Copy the data below exactly, but not the pictures it contains.

Records shown
==============================
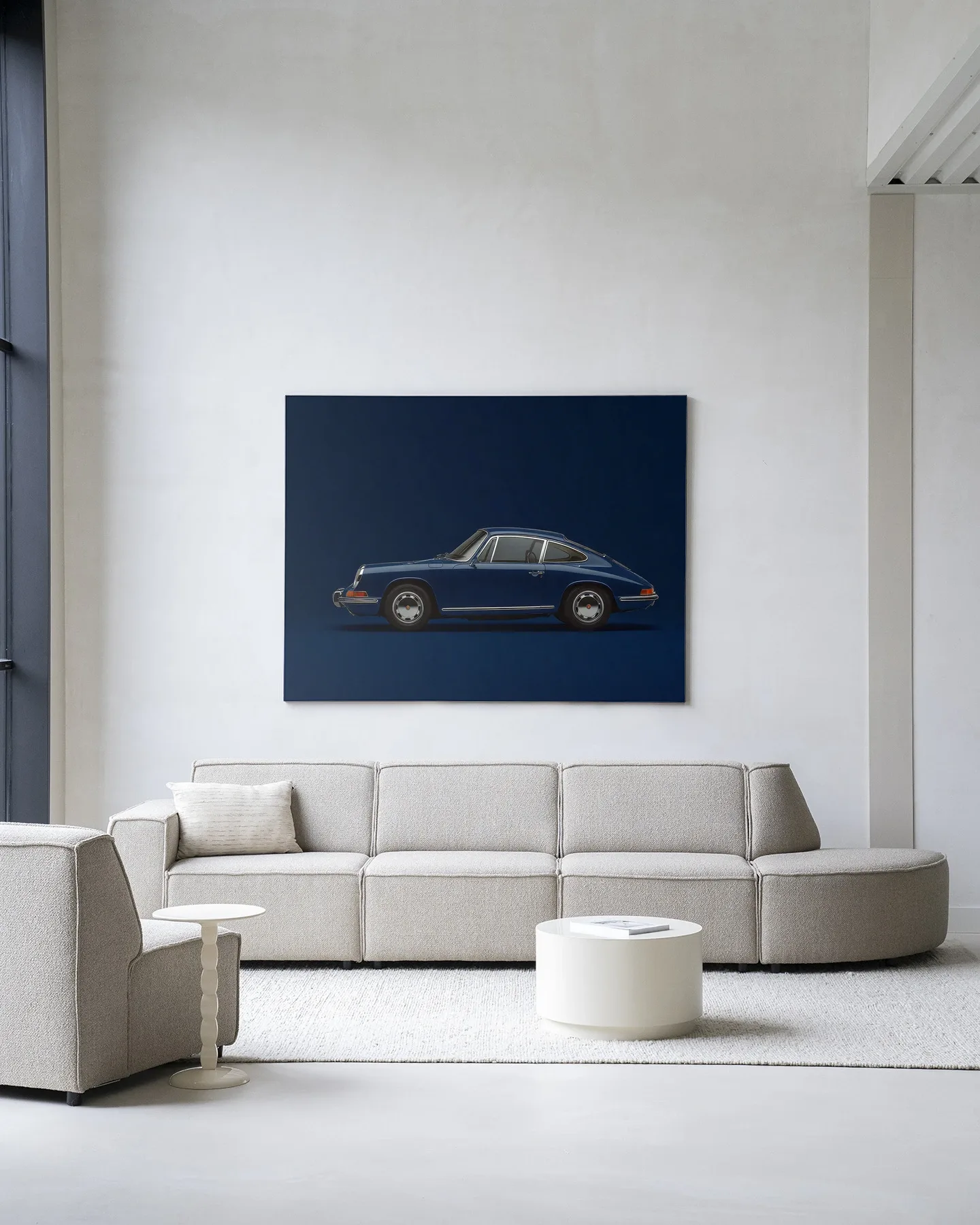 Wandteppich Blue Porsche - Urban Cotton in einem modernen Wohnzimmer über einem beigefarbenen Sofa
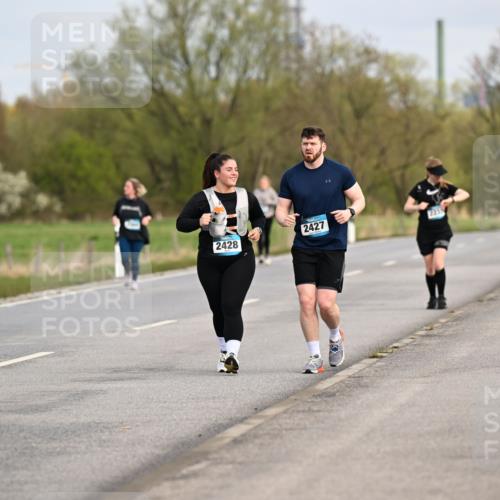 12.04.2026 - 45. Internationalen Wilhelmsburger Insellauf Dr. Thomas Lammeyer http://msf.ph/oto/9437569 12.04.2026 09:31:26 Laufen 2427, 2428 meine-sportfotos.de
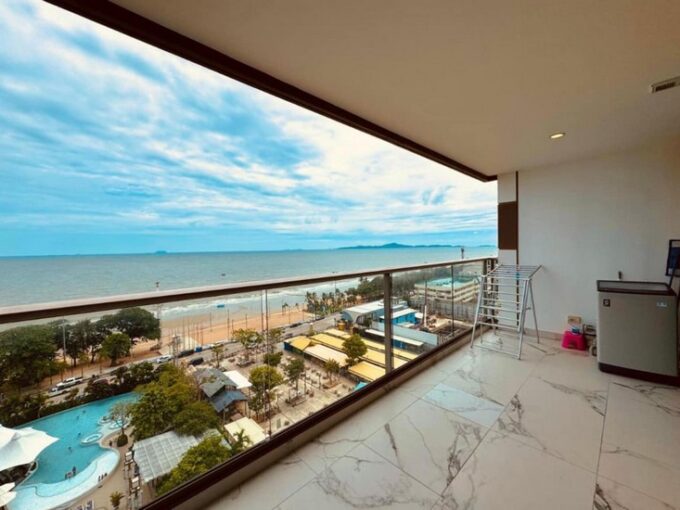 Copacabana Beach Jomtien 2bedrooms for sale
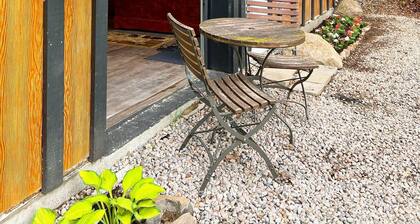 Beautiful 1-bedroom Cottage on Shawanaga Lake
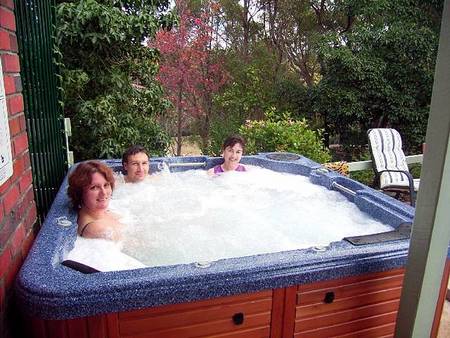 Falls Retreat Bed And Breakfast - Accommodation in Bendigo 0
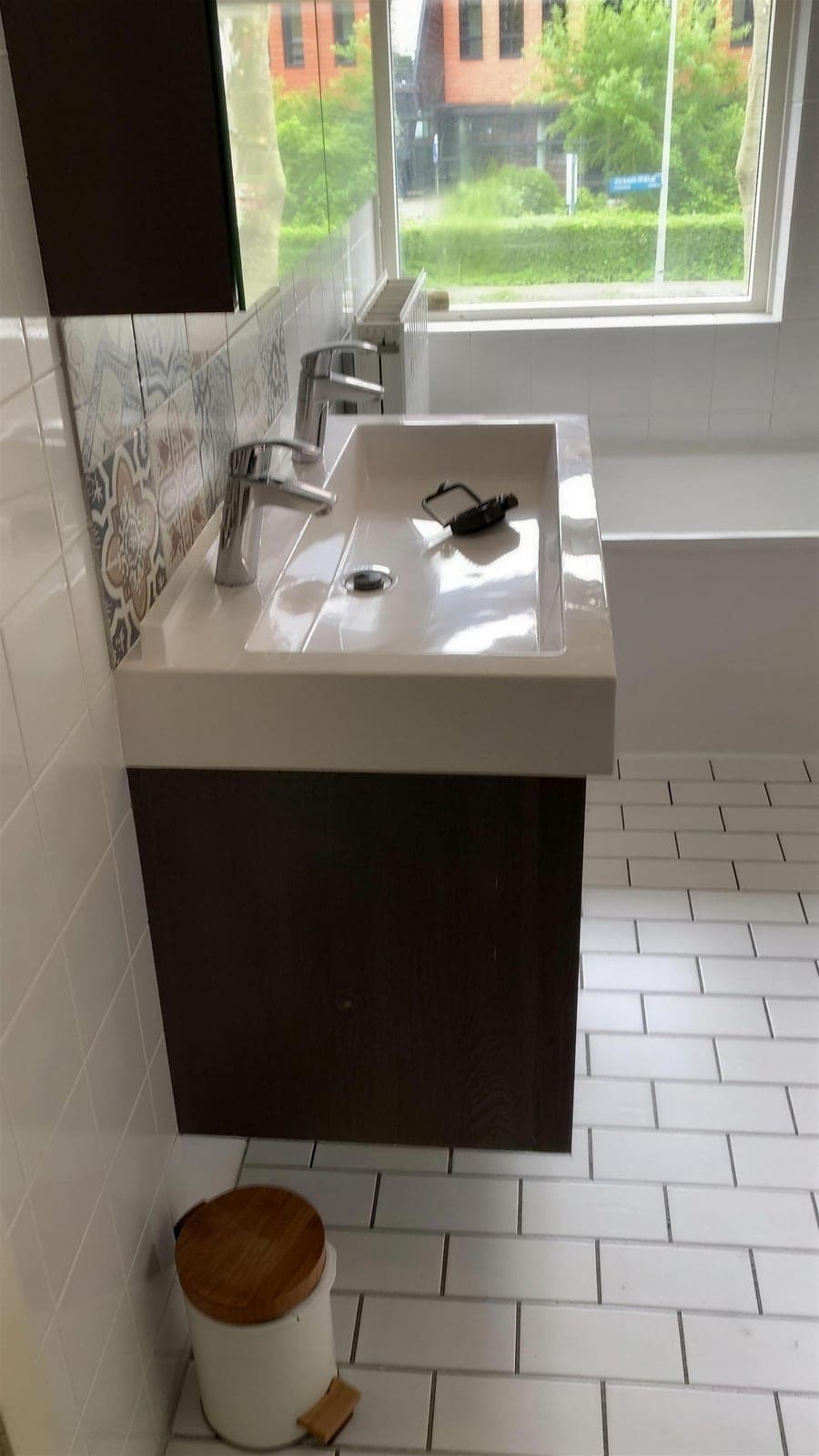 De gedateerde badkamer vóór de renovatie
==============================
Exercise output
 Wandteppich Blue Porsche - Urban Cotton in einem modernen Wohnzimmer über einem beigefarbenen Sofa
 12.04.2026 - 45. Internationalen Wilhelmsburger Insellauf Dr. Thomas Lammeyer http://msf.ph/oto/9437569 12.04.2026 09:31:26 Laufen 2427, 2428 meine-sportfotos.de
 Copacabana Beach Jomtien 2bedrooms for sale
 Beautiful 1-bedroom Cottage on Shawanaga Lake
 Falls Retreat Bed And Breakfast - Accommodation in Bendigo 0
 De gedateerde badkamer vóór de renovatie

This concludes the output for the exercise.